Raffaele Mincione and his companies have launched a new legal claim in the UK against the Vatican.

Raffaele Mincione. Pillar file photo.

The businessman, who previously acted as investment manager for the Vatican in what became the London property scandal, filed a case Sept. 30 at London’s Commercial Court, the judicial forum which hears high-value business disputes, often between international actors.

Mincione and his companies WRM Capital Asset Management and Athena Capital filed the action for “commercial fraud,” naming the Holy See Secretariat of State as a defendant, together with the Swiss banks UBS and Credit Suisse, which was absorbed by UBS in a 2023 deal ordered and brokered by government banking authorities.

The lawsuit is the latest in a series of international legal claims brought by Mincione against the Vatican and various financial institutions in the fallout of the 2018 London property deal which saw Mincione sell the Vatican a London building as part of its early separation from Mincione’s investment fund.

The circumstances of the Vatican’s initial investment and the acrimonious and complicated process by which it acquired the building at 60 Sloane Ave. saw the Secretariat of State realize hundreds of millions of euros in losses and triggered a sprawling financial crimes trial in Vatican City.

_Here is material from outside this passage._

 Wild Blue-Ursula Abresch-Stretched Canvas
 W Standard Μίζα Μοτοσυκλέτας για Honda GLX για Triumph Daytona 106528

At the end of an initial Vatican City trial in 2023, nine people were convicted of various financial crimes, including Mincione, who was found guilty of embezzlement for participating in the illegal misappropriation of Vatican funds in a deal which placed some 200 million euros under the investment manager’s control on the Secretariat of State’s behalf.

Mincione has strenuously denied any criminal action or intent, arguing that he had no way of knowing funds being invested by the Holy See’s governing secretariat had been illegally appropriated.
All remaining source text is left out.